When it comes to do-it-yourself, some people aren't content with merely assembling bookshelves or twisting a coathanger to provide a quick-and-dirty solution.
It all started when Professor Daniel Zajfman of the Weizmann Institute's Particle Physics Department consulted with his German colleagues at the Max Planck Institute. He and his team were using an enormous ring in Heidelberg for storing molecular ions and cooling them to their ground state.
"Two years ago, I came back from a trip to Germany thinking 'Wouldn't it be terrific to have our own machine?'" says Zajfman, who was made associate professor last year. So with his sights set on the 56-meter ion storage ring, he returned to the Institute and created his own version that fits on a desktop.
The research into molecular ion collisions carried out by Zajfman provides vital information about the birth and composition of stars.

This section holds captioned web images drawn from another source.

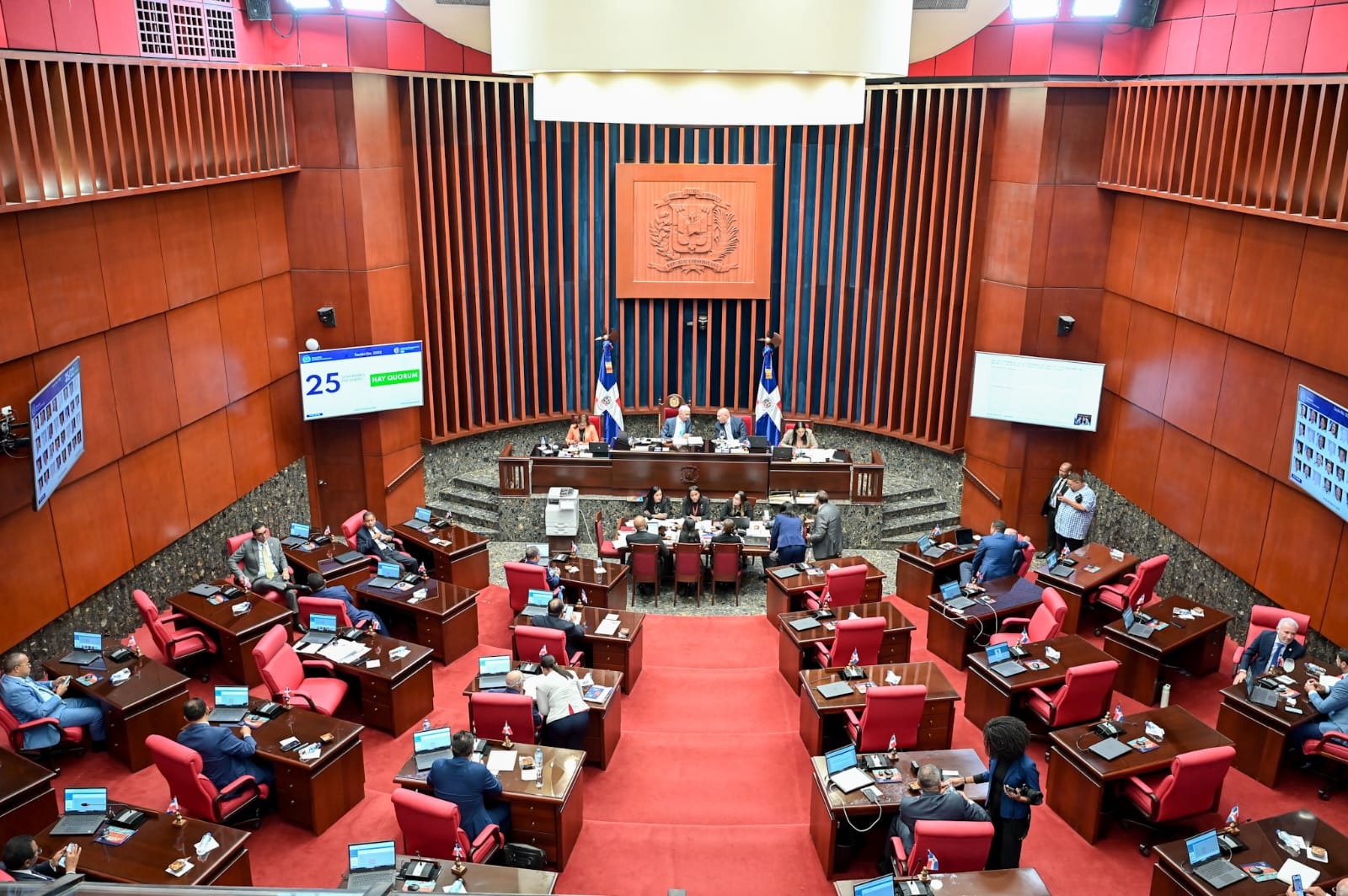 Senado aprueba el Código Penal sin las tres causales del aborto imagen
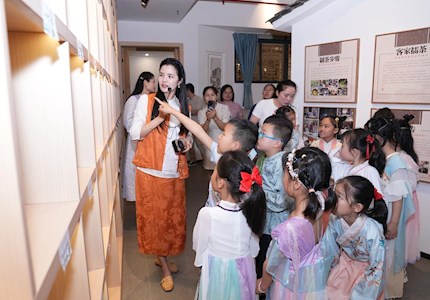 旅游与外语学院开展“传承茶韵文化 共育时代新苗”活动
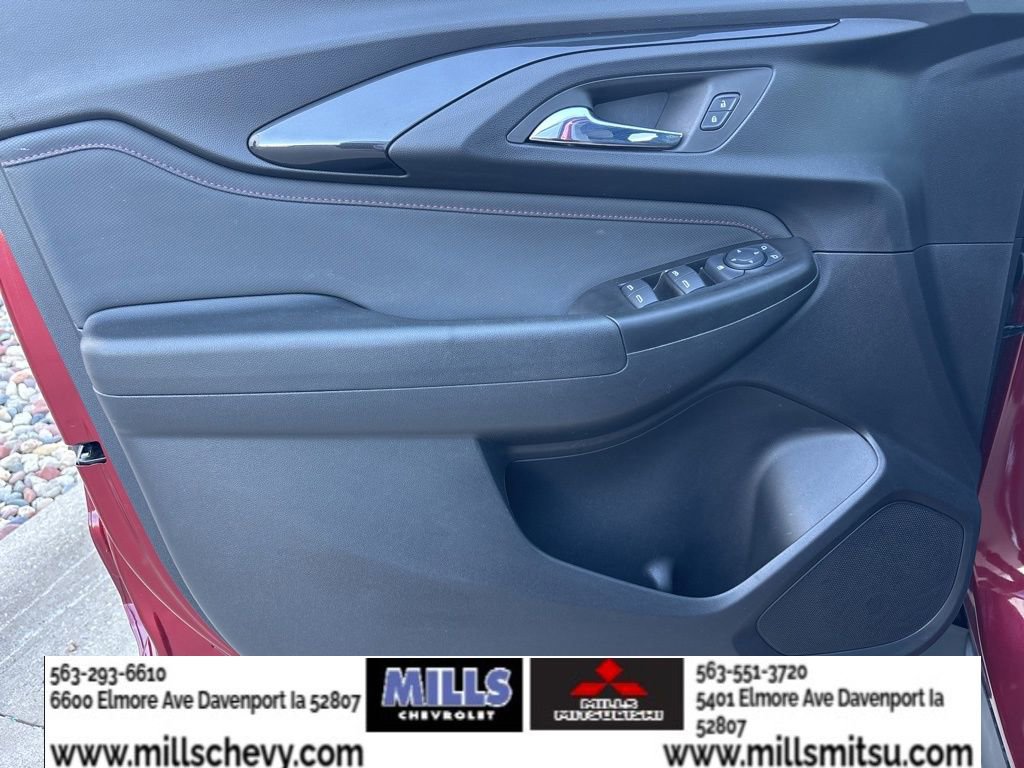 Used 2023 Chevrolet TrailBlazer RS w/ Convenience Package FWD image 10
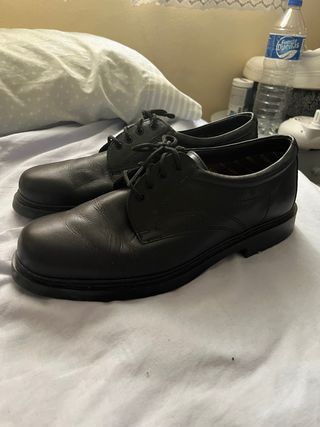 Zapatos negros cómodos para boda/procesión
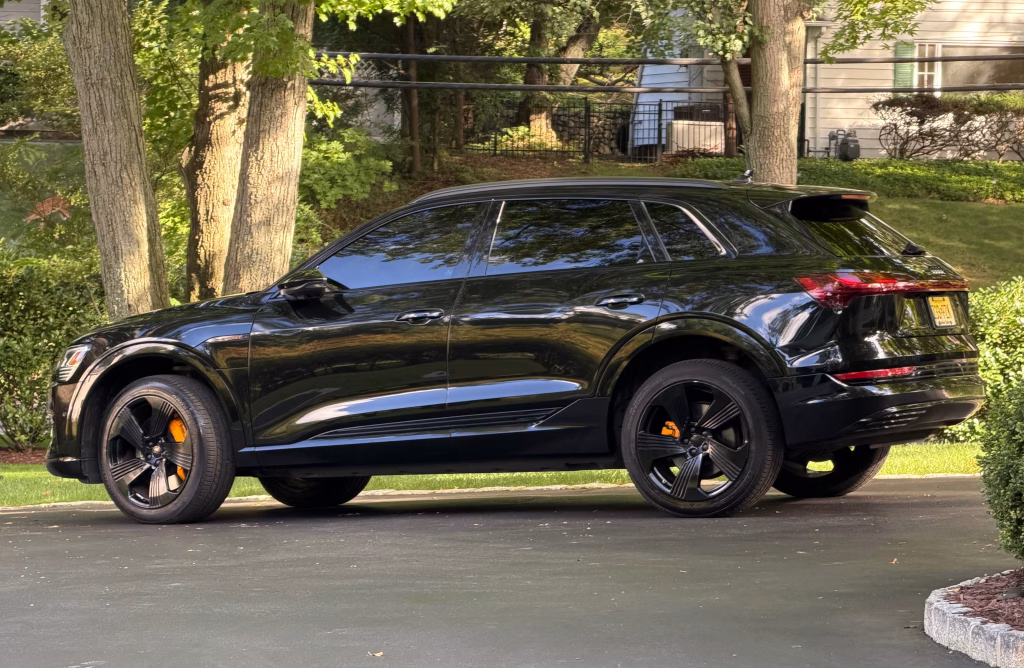 2022 Audi e-tron Premium Plus Sport Utility 4D AWD/4WD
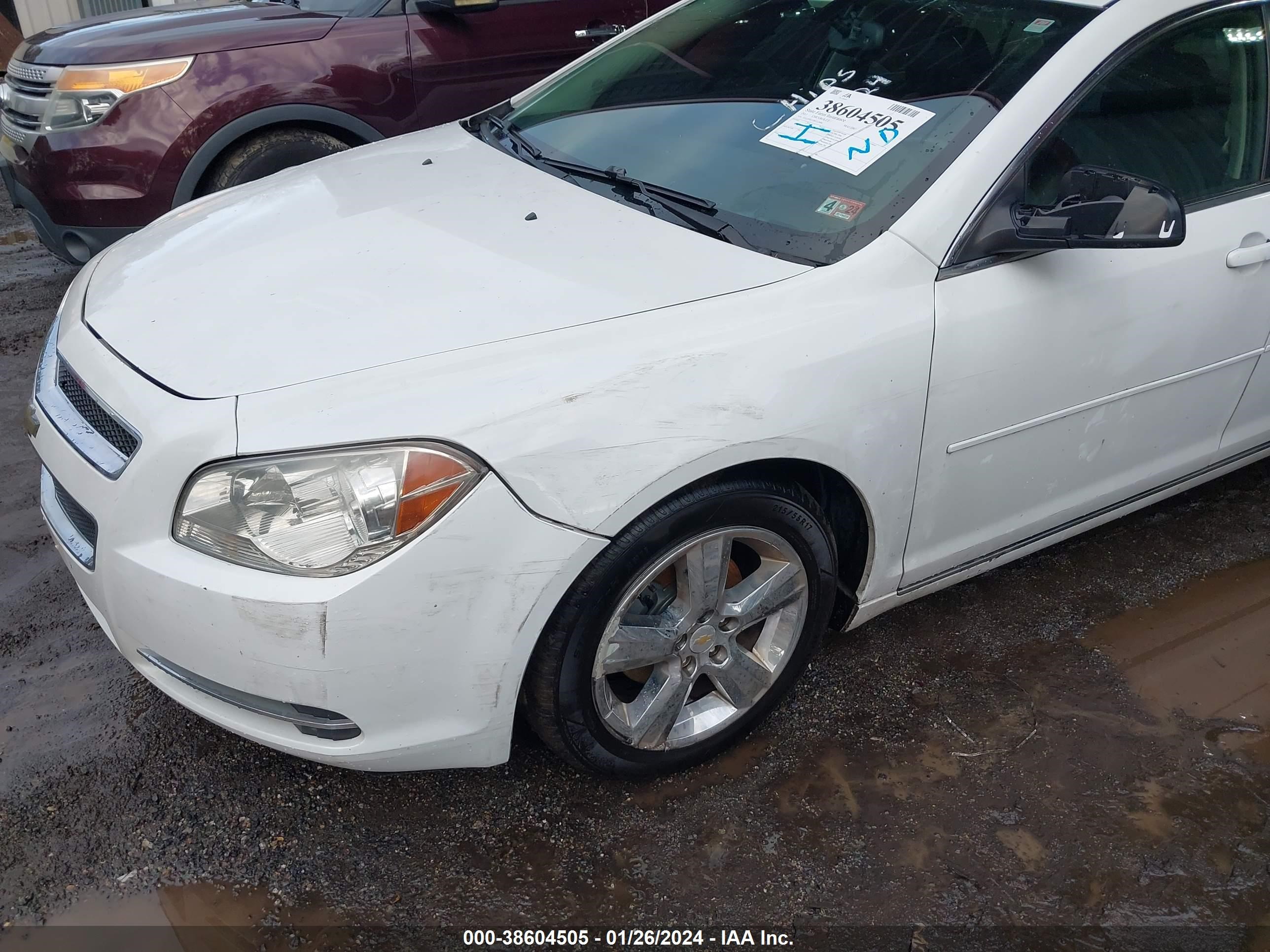 Photo 5 VIN: 1G1ZD5E12BF112494 - CHEVROLET MALIBU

Zajfman's job: to return ions to their ground state, i.e., the lowest energy and least vibrating state in which a particle can exist. This greatly enhances Zajfman's data on the structure and dynamics of molecular ions, and is of particular interest to astro-, plasma and planetary physicists.
However, with only one week's use of the German ring every few months, there was tremendous pressure to perform only those experiments whose success was practically guaranteed. Being in possession of some kind of device in Israel to which he could have unlimited access would greatly ease the strain.
It took Zajfman-as-problemsolver three months to determine the parameters of how and exactly what to build, given that his small lab could not accommodate a huge 56-meter ring. And what of cost? Ouch: in the region of millions of dollars. What he eventually designed turned out to be a brand new type of ion storage device, the 50-centimeter-long electrostatic bottle.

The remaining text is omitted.